Using the records below, transcribe exactly only the lines from the one with "Snapshot of veryveryhairmanindenver" through the end, both included, and drop every picture.

##### Given records #####

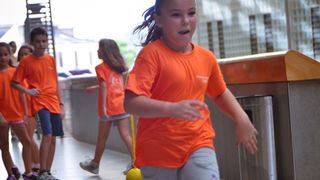 City Galleria: Univerzalna sportska škola Zadar predstavila svoje aktivnosti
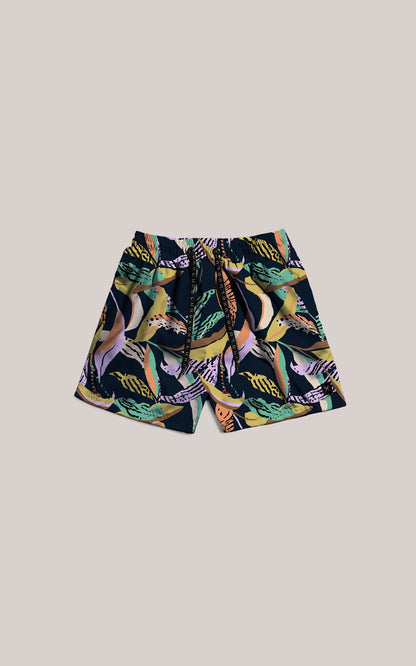 Short The Beach Master [ Print J24 ]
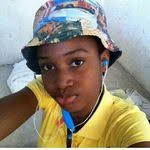 Kimberly Calixte's Instagram, Twitter & Facebook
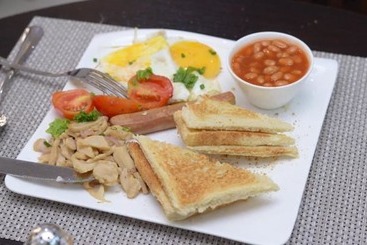 Hillsbay Hotels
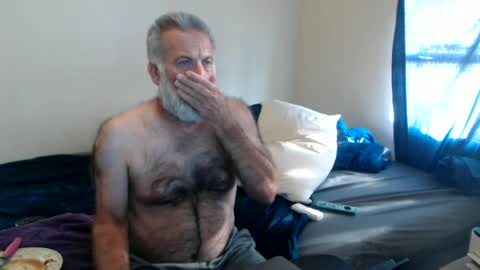 Snapshot of veryveryhairmanindenver chatting on 3, 7, 2026 hairy man online show from 3, 7, 2026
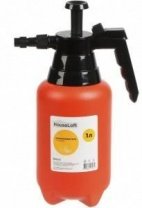 Опрыскиватель 1л садовый пластик, металл HouseLoft
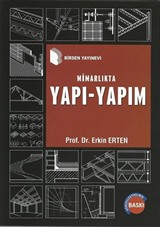 Mimarlıkta Yapı-Yapım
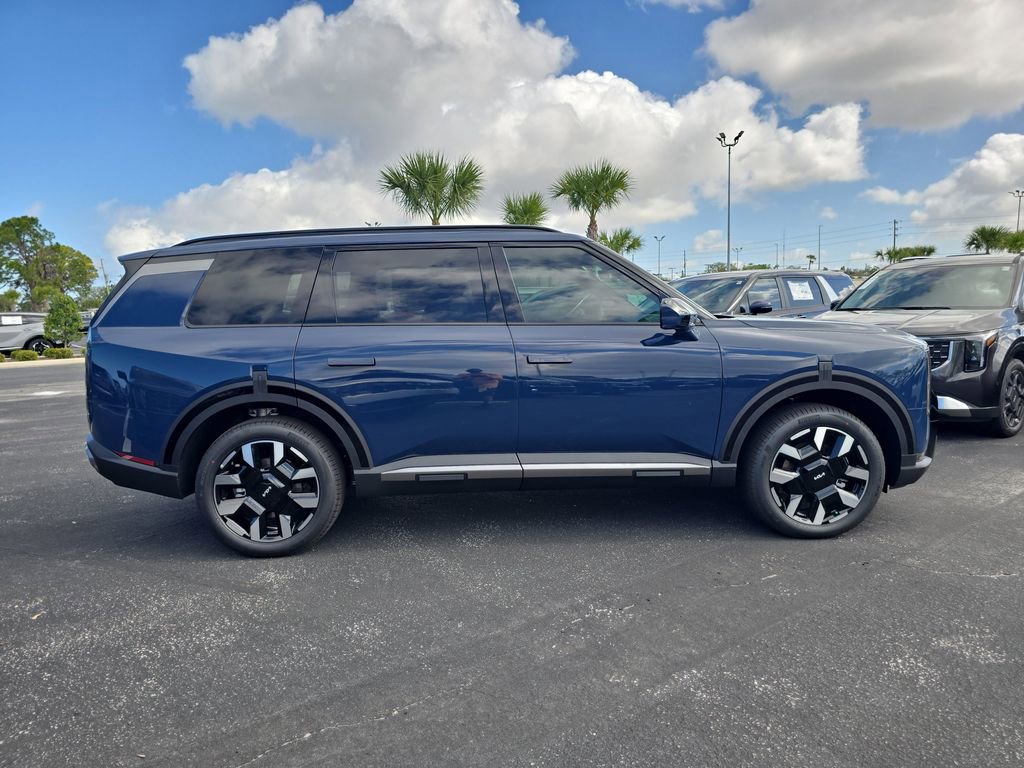 New 2027 Kia Telluride S image 9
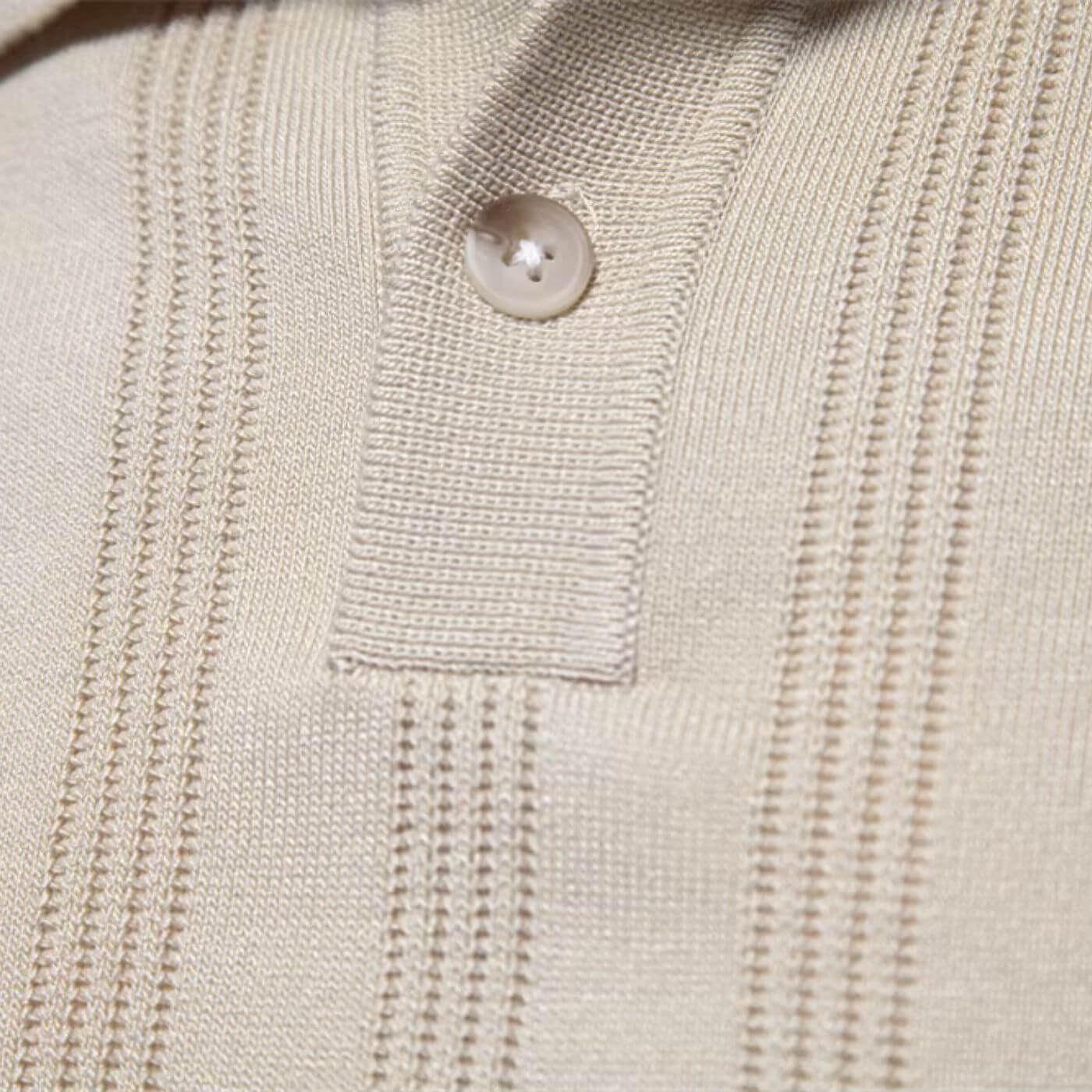 Stefan - Premium Poloshirt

#####

- Exercise answer:
 Snapshot of veryveryhairmanindenver chatting on 3, 7, 2026 hairy man online show from 3, 7, 2026
 Опрыскиватель 1л садовый пластик, металл HouseLoft
 Mimarlıkta Yapı-Yapım
 New 2027 Kia Telluride S image 9
 Stefan - Premium Poloshirt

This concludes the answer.